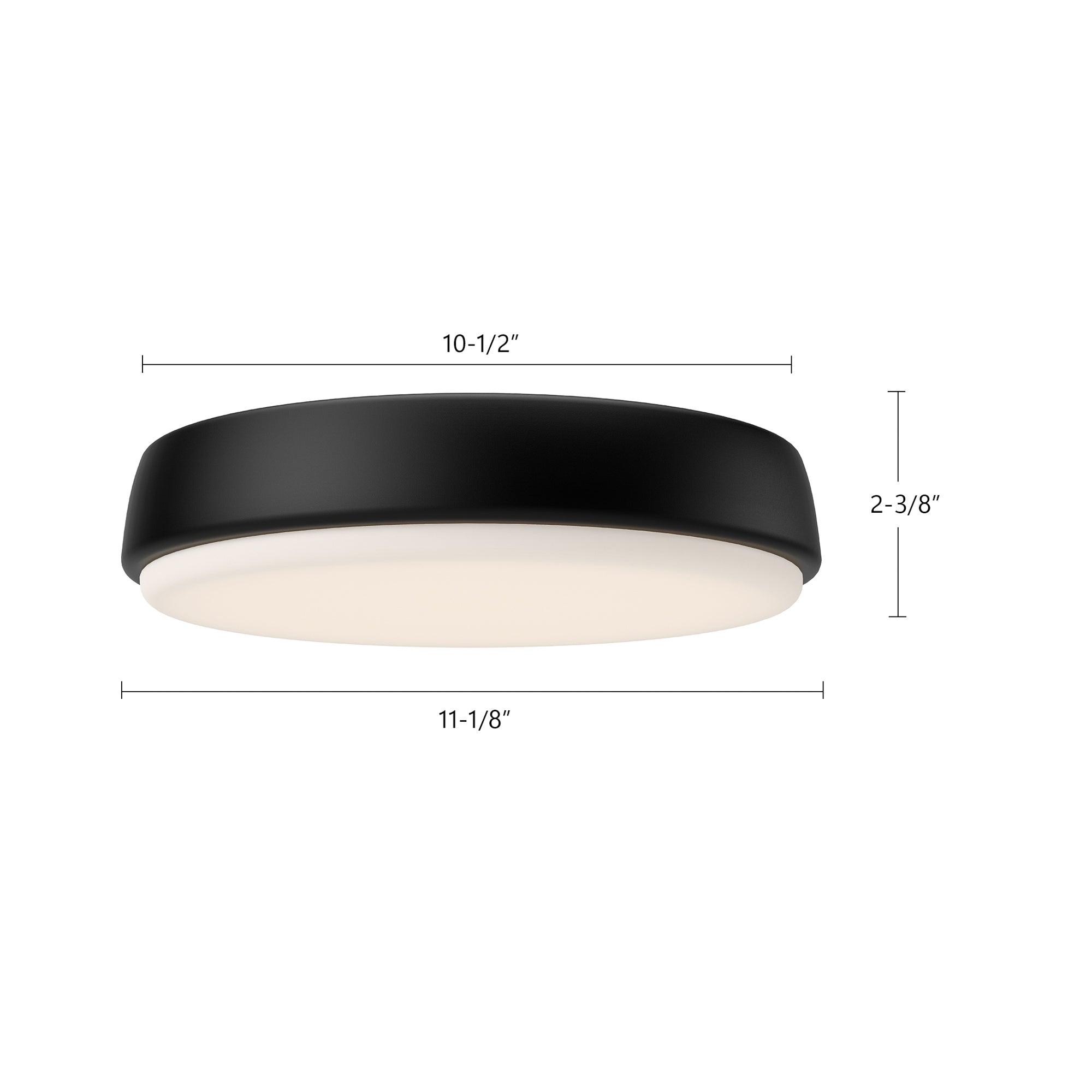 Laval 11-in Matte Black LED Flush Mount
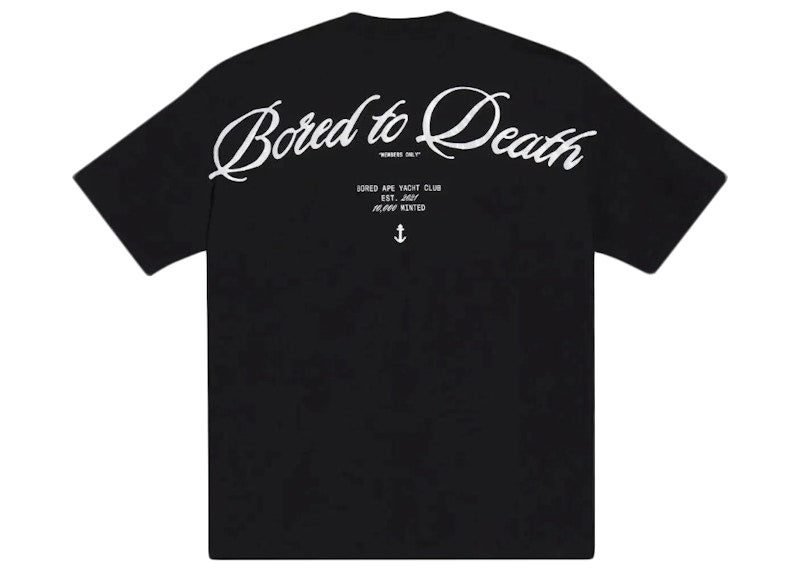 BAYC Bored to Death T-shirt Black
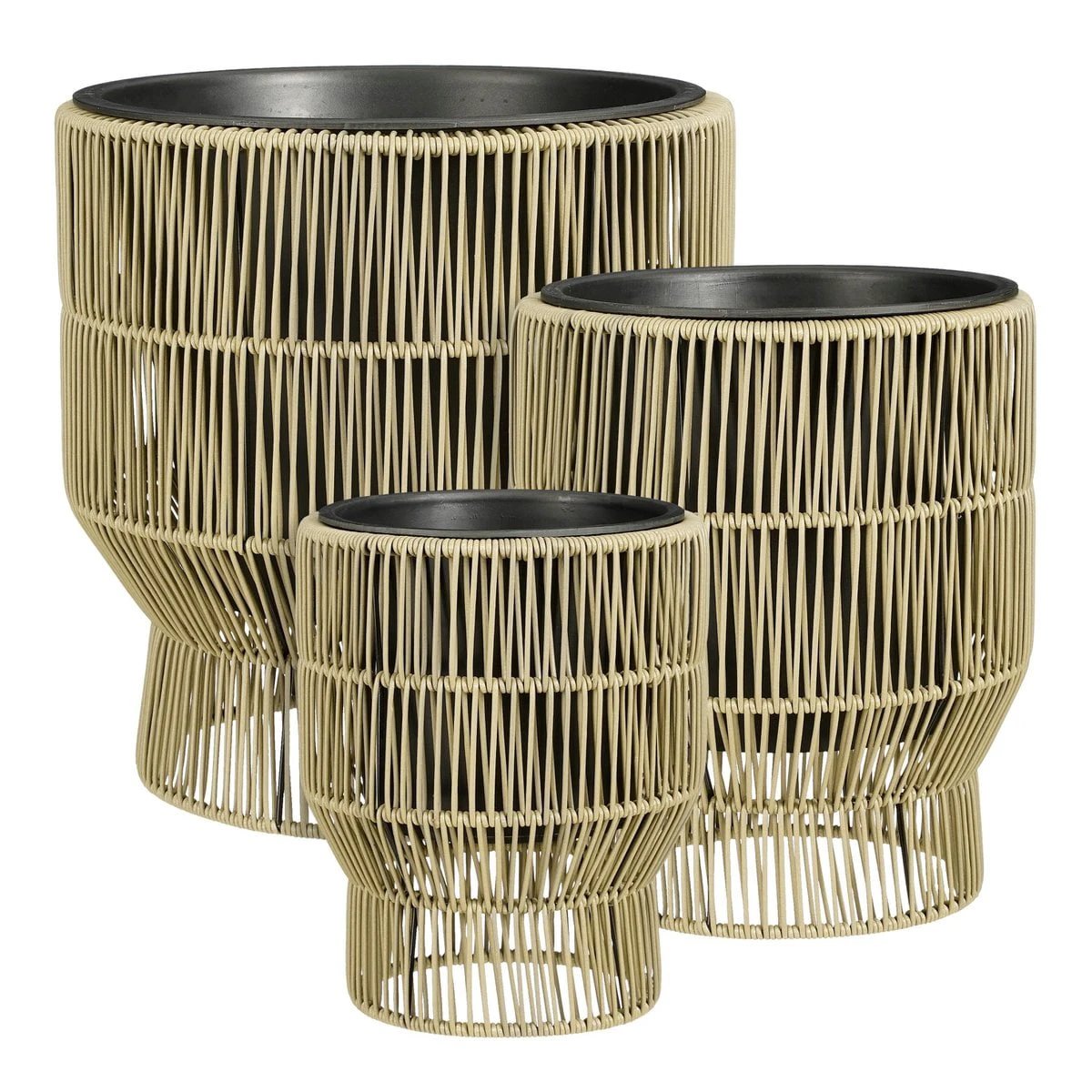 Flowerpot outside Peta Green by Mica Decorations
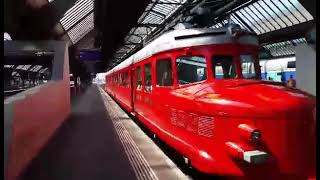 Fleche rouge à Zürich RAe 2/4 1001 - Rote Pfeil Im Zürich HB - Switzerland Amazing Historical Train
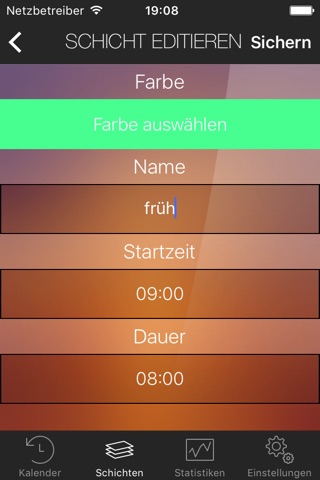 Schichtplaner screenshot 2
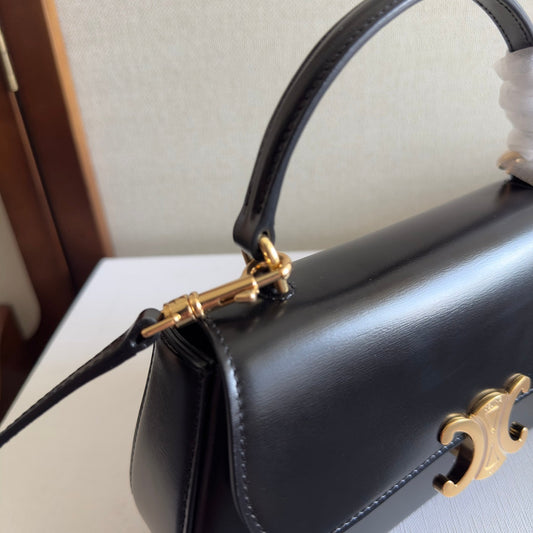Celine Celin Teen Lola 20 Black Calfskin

==

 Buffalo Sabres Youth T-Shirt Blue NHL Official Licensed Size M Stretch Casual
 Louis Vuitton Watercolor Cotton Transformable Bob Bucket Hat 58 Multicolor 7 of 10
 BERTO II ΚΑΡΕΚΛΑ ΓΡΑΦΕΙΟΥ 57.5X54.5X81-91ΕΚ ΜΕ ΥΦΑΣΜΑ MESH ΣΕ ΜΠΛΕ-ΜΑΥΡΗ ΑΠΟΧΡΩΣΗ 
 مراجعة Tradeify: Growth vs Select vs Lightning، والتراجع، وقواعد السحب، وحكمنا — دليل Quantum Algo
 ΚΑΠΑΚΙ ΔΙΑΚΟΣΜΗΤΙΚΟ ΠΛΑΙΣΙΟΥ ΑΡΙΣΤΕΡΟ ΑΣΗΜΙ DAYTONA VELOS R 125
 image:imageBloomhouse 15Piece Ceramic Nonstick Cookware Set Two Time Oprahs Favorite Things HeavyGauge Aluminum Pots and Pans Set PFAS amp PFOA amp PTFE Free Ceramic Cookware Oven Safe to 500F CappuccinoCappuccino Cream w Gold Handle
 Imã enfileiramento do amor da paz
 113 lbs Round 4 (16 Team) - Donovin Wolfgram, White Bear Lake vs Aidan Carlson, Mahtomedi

...

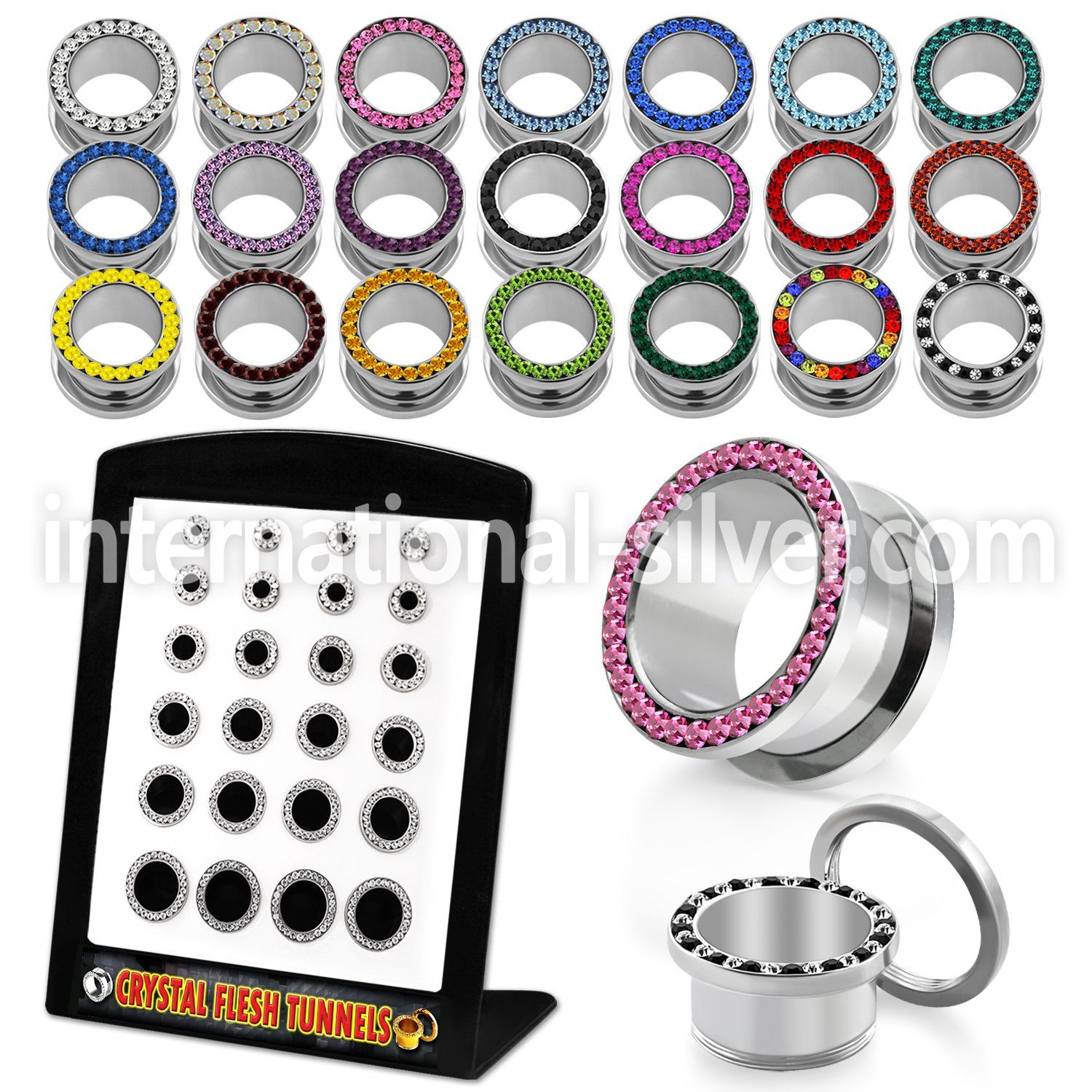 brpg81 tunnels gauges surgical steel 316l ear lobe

__Work request__
From the records above, copy only the lines running from the line holding "Schichtplaner screenshot 2" through the line holding "Celine Celin Teen Lola 20 Black Calfskin", with no pictures.

__Task result__
 Schichtplaner screenshot 2
Celine Celin Teen Lola 20 Black Calfskin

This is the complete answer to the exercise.